Objection 3: Further, Christ's every action is our instruction. Now on some sinners He imposed no punishment, but only amendment of life, as in the case of the adulterous woman (Jn. 8). Therefore it seems that the priest also, who is the vicar of Christ, can, according to his own judgment, remit the punishment, either wholly or in part.

On the contrary, Gregory VII [*Cf. Act. Concil. Rom. v, Can. 5] says: "We declare it a mock penance if it is not imposed according to the authority of the holy fathers in proportion to the sin." Therefore it seems that it does not altogether depend on the priest's judgment.

Further, the act of the keys requires discretion. Now if the priest could remit and impose as much as he liked of a penance, he would have no need of discretion, because there would be no room for indiscretion. Therefore it does not altogether depend on the priest's judgment.

I answer that, In using the keys, the priest acts as the instrument and minister of God. Now no instrument can have an efficacious act, except in so far as it is moved by the principal agent. Wherefore, Dionysius says (Hier. Eccl. cap. ult.) that "priests should use their hierarchical powers, according as they are moved by God." A sign of this is that before the power of the keys was conferred on Peter (Mat. 16:19) mention is made of the revelation vouchsafed to him of the Godhead; and the gift of the Holy Ghost, whereby "the sons of God are led" (Rom. 8:14), is mentioned before power was given to the apostles to forgive sins. Consequently if anyone were to presume to use his power against that Divine motion, he would not realize the effect, as Dionysius states (Hier. Eccl., cap. ult.), and, besides, he would be turned away from the Divine order, and consequently would be guilty of a sin. Moreover, since satisfactory punishments are medicinal, just as the medicines prescribed by the medical art are not suitable to all, but have to be changed according to the judgment of a medical man, who follows not his own will, but his medical science, so the satisfactory punishments appointed by the canons are not suitable to all, but have to be varied according to the judgment of the priest guided by the Divine instinct. Therefore just as sometimes the physician prudently refrains from giving a medicine sufficiently efficacious to heal the disease, lest a greater danger should arise on account of the weakness of nature so the priest, moved by Divine instinct, some times refrains from enjoining the entire punishment due to one sin, lest by the severity of the punishment, the sick man come to despair and turn away altogether from repentance.

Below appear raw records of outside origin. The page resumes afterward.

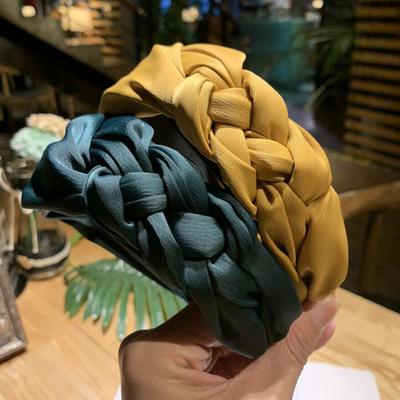 New Fashion DIY Multiple Knots Hairbands For Women Ladies High-end Hair Band Wide Side Winter Hair Accessories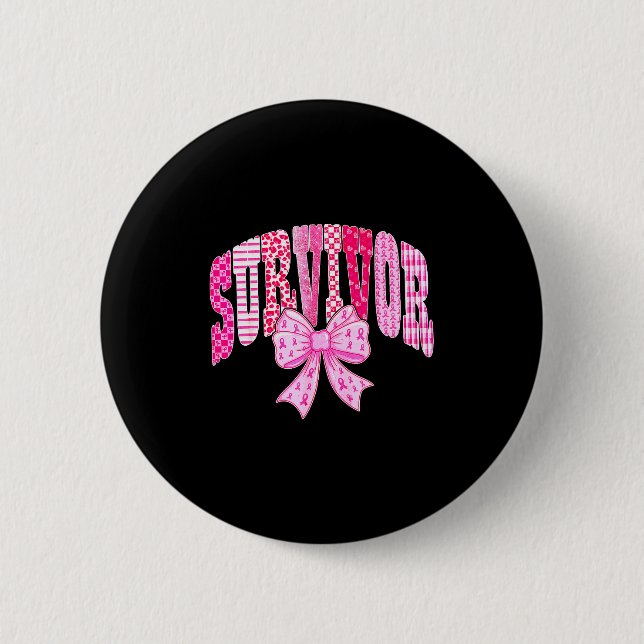 Survivor Nk Ribbon Coquette Bow Breast Cancer Awar 6 Cm Round Badge (Front)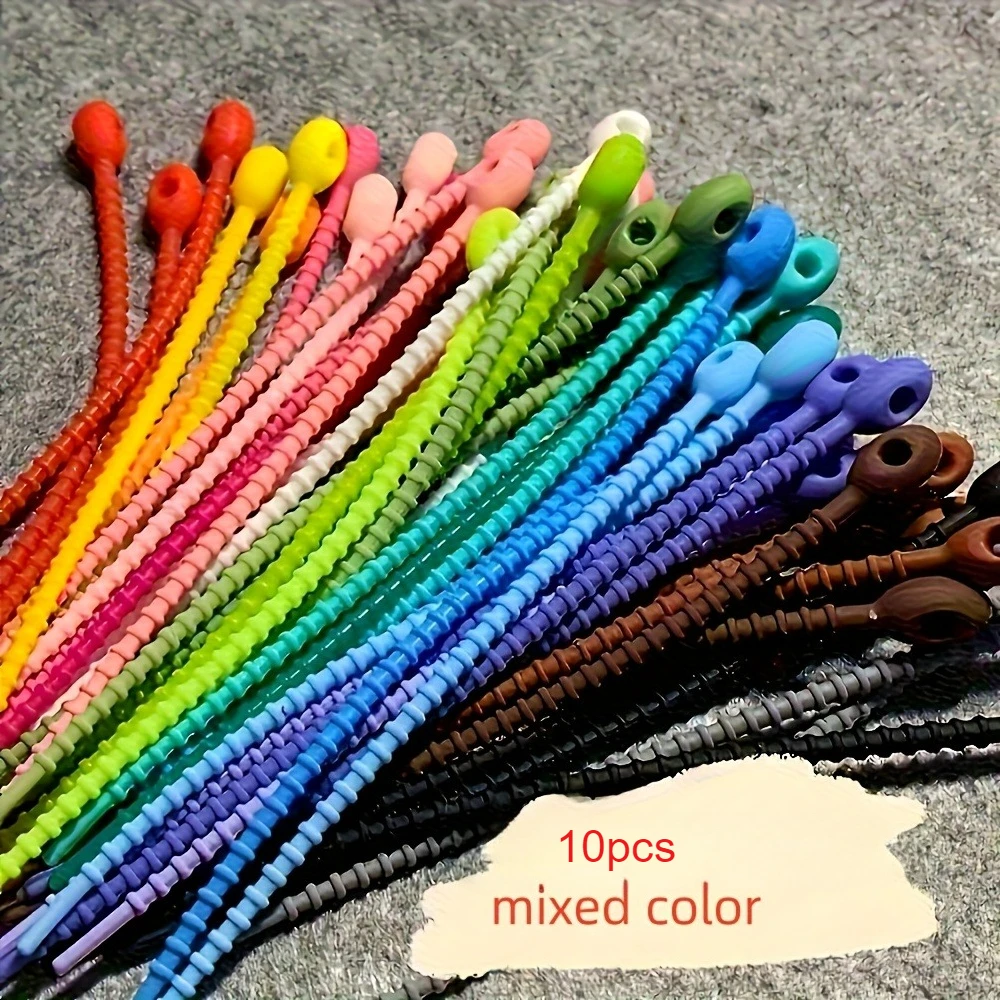 10pcs Silicone Cable Ties - Reusable, Durable & Flexible Cord Organizers in Various Colors, Safe Design for Office,and Home Use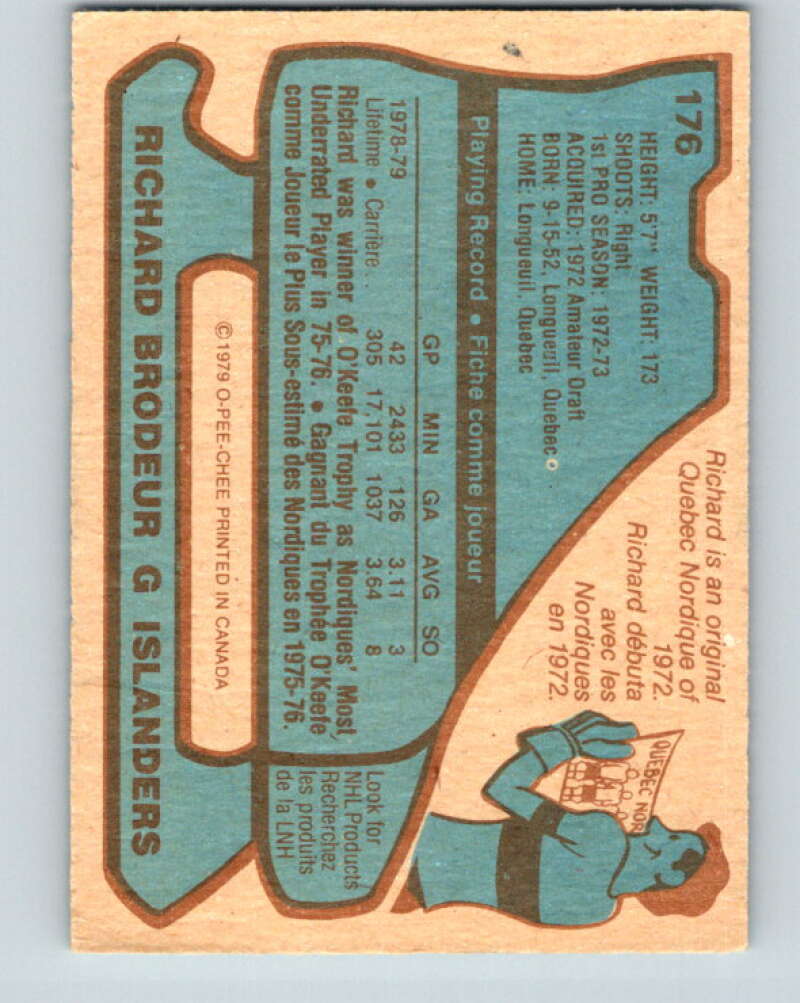 1979-80 O-Pee-Chee #176 Richard Brodeur New York Islanders V18366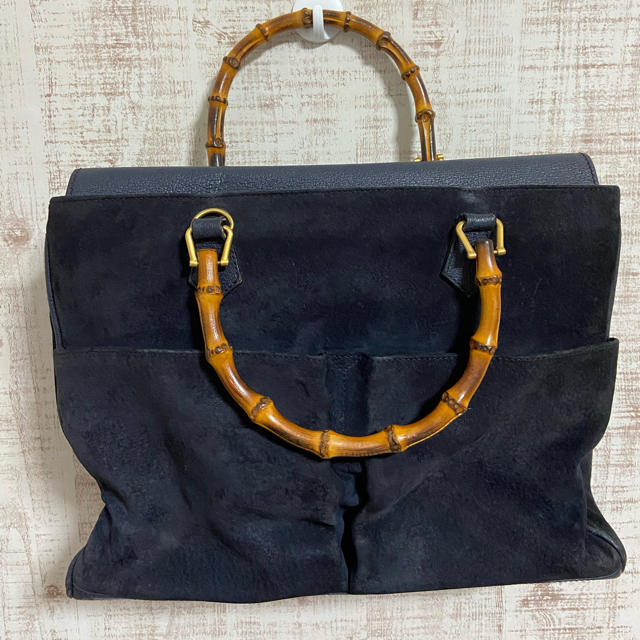 オールドグッチ GUCCI トートバッグ ネイビー 紺 スエード バンブー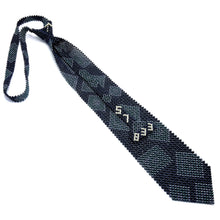 Handcrafted Diamond & Square Pattern Pearl Tie Geometric Harmony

Reply to Objection 1: This judgment should be guided entirely by the Divine instinct.

Reply to Objection 2: The steward is commended also for having done wisely. Therefore in the remission of the due punishment, there is need for discretion.

Reply to Objection 3: Christ had the power of "excellence" in the sacraments, so that, by His own authority, He could remit the punishment wholly or in part, just as He chose. Therefore there is no comparison between Him and those who act merely as ministers.